It has been a long time since I’ve committed to sitting and writing, but I feel great need to do so as of late. There has been an abnormal change in my mood, which for so long has had an ever so slight air of somberness. I’d like to believe in my mind that the weather has had very little to do with it….That I haven’t been punch drunk with happiness over the past couple of weeks just because of the sun…..I’d like to believe that life is taking a great turn. And I don’t think I’m lying to myself. I think it might be.

I’ve been seeing some good front doors about lately, on my thrilling drives to supply pizza to the masses. If there is one thing about a living space that I am obsessed with, it would be doors. Splashes of color against a contrasting background, inviting signs posted between eave and door, welcoming in the stranger, windows like stacked blocks in a row at adult height and if we’re clever, maybe ones down below for the little ones, and knobs….antique and knowing of a great many years, of many hands. I like doors that tell good stories. And it seems completely absurd that one would get that giddy feeling of falling in love just laying their eyes upon a painted wooden structure not made by Legos, builder to the gods, but probably by some guy named Steve, yer good ole regular blue collar carpenter…

But, I have.

This talk of living spaces, of doors has been racking the insides of my mind quite a bit, as the community I find myself living in and with, will soon physically come to an end.
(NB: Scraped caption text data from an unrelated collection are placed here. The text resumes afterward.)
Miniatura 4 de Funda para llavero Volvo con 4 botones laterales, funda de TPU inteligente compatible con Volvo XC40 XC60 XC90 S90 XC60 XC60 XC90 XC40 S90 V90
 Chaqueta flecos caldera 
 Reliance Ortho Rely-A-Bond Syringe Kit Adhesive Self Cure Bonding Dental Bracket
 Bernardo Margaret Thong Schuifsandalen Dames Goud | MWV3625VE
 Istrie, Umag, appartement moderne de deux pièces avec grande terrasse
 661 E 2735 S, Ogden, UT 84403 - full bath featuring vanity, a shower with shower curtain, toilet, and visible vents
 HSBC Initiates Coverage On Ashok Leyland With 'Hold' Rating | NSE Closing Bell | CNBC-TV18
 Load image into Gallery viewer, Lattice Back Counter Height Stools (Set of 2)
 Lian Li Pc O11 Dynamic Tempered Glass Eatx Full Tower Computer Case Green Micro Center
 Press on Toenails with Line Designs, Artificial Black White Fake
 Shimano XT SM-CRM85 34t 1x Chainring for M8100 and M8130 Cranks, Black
And as I look for nearby houses, their windows, doors, and 2.5 bathrooms, I hear my true desires coming to the surface of my mind…

I don’t want to live in a house with so many stairs leading up to its door that a stranger or cute old man wouldn’t dare trod up them. I don’t want to live in a house where I have a silver plated engraved “NO SOLICITING” sign turning away what I obviously have come to fear. I would like to know and be known by my neighbors, to let them know that they can walk in any time they smell dinner and know that, without a doubt, they are invited come in and share a meal. I want to know all of people.